To bring in a world class course on land of typical sand hills nature, it requires a mind more oriented towards strategy than engineering know-how. Collective efforts of great strategic golf minds gave us Sand Hills in my opinon. (Youngscap, Coore/Crenshaw, and their boys).
I have been lurking on the other thread on strategic holes that is becoming a full day's read. It strikes me that such collective thinking and debate applied to a sand hills typical property of endless possibilities would produce a great course. (I know the old rule of thumb about too many cooks spoil the dinner, and design by committee, and all that). But, in the case of the typical sand hill property, where the construction in terms of necessary engineering know-how is minimized (50-100 feet of sand below tends to minimize drainage scheme headaches, etc
) the emphasis becomes strategy and "sensitivity to the land". If one knows the sand hills intimately in terms of wind, native grasses, erosion potential if too much machine trampling around it is done, and one can build natural looking bunker hazards or augment blow-outs to properly fit into a strategic scheme, then one can be successful out there.
A Very big factor in success out there is a turf man that understands what will be needed in designing the right irrigation to cover what you should (AND NOT DRIFT INTO WHAT YOU SHOULDN'T!) A great understanding of the micro climates that exist out there, and what turf to select for tees, fairways, surrounds and greens is important because assuming minimal grading and disturbance puts emphasis on what is left to define the golf course, the grass!

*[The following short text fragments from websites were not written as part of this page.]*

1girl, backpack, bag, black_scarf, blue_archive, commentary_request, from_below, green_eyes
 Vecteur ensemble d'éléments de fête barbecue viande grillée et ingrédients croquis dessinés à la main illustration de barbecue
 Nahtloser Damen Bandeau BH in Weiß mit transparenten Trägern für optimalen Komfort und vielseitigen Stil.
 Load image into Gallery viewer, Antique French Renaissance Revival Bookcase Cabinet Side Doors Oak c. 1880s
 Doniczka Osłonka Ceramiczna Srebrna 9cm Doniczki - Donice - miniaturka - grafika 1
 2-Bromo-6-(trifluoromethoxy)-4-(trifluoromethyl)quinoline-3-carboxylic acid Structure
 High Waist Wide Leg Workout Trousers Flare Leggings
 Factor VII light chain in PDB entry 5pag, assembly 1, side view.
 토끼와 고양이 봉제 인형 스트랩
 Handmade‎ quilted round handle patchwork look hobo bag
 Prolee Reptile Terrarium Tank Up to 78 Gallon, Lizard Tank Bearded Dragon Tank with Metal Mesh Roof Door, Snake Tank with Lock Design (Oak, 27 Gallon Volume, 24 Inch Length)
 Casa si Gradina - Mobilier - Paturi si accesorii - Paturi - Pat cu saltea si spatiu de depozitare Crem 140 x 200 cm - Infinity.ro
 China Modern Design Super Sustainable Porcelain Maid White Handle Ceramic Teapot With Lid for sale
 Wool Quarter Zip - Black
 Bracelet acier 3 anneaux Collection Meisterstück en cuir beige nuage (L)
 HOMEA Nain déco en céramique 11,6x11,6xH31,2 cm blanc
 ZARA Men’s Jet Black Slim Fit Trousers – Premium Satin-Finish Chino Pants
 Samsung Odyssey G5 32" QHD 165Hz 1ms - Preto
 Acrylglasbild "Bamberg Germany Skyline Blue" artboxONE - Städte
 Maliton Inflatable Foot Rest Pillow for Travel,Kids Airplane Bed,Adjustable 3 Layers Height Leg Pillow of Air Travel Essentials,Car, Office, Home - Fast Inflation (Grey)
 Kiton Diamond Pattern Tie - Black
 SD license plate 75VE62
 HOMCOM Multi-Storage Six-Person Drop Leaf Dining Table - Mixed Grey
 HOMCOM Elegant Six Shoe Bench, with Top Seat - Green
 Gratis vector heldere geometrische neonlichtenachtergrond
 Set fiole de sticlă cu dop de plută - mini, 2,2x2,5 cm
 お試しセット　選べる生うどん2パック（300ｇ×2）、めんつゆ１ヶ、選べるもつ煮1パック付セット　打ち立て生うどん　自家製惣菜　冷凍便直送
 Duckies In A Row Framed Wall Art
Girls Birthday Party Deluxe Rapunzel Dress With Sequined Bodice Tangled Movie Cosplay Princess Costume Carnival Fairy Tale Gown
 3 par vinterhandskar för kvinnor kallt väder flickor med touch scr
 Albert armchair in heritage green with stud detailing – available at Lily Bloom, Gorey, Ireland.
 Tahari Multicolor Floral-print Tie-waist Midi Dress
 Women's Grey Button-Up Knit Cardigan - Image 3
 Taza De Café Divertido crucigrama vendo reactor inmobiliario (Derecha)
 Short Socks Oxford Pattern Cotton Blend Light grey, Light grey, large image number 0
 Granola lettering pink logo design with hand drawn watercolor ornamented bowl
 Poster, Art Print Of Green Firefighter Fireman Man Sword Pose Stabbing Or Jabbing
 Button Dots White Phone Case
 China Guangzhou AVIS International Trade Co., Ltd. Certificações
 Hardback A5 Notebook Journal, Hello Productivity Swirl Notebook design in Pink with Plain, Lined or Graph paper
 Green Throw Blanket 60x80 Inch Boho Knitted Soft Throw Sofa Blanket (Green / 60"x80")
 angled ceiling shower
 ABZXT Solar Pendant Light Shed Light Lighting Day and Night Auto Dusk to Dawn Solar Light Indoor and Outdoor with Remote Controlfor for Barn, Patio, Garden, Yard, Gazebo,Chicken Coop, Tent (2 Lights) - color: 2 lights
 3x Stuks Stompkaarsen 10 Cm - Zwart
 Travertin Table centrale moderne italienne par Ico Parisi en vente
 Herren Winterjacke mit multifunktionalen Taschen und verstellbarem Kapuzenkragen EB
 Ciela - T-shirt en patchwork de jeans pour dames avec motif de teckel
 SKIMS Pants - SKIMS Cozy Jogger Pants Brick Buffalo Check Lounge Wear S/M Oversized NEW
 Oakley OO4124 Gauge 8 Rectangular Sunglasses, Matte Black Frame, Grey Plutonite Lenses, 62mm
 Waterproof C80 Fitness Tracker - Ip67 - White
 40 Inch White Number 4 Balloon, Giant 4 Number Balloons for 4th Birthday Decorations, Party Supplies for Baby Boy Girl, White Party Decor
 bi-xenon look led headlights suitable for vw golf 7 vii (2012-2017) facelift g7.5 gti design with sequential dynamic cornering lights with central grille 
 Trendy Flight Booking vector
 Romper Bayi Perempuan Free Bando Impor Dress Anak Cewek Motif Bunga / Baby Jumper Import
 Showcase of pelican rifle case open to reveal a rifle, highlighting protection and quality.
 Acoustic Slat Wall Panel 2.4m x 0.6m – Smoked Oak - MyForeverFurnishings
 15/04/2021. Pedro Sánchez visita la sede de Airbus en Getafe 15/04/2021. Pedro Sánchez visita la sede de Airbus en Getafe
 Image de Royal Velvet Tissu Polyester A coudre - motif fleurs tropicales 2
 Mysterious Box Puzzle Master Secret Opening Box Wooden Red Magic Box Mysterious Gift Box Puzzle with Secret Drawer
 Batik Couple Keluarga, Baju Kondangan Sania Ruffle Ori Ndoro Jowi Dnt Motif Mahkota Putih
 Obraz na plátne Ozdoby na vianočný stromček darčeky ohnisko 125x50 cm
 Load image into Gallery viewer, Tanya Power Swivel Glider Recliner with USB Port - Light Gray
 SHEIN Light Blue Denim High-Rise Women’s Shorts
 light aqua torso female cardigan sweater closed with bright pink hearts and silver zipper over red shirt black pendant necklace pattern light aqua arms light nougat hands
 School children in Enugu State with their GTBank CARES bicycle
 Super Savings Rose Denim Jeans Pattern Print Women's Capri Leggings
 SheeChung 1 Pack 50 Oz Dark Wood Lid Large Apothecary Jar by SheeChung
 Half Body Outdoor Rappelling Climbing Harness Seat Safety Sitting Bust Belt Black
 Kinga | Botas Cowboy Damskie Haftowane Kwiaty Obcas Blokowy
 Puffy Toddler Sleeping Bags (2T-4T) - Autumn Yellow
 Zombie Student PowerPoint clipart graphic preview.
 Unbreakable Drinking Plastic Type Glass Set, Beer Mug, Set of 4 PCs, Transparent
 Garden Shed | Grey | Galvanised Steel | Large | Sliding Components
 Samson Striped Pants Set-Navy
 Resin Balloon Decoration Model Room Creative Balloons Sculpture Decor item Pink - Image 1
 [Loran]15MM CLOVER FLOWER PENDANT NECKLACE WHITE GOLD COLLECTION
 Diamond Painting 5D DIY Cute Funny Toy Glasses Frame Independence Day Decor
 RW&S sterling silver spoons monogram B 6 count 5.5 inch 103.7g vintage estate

Not even C&C are infallible in all things sand hills. I can show you pictures where the design is at the mercy of the wind erosion to the extent that if something doesn't halt the process, serious playability on certain parts of some of the golf hole's designs will be compromised in not too much longer time. How do you construct natural bunkers or shore up existing blow-outs to not eventually encroach into key playing area strategic places?
Finding what nature created, and then routing it properly, and being golf strategic/intelligent enough to match what you know about the sand hills environment with what makes great golf is not a slam dunk. Any lesser combination may yield a course of some good holes and some clunkers, but not a masterpiece. From what I have gathered in reading about Eddie Hackett, that may be the rap on his efforts. Great land, natural approach to design, not under the pressure of having every hole a signature hole, and possibly missing a few opportunities...
A question I might ponder, is it possible to be over qualified in the LA engineering sense, to work in the sand hills?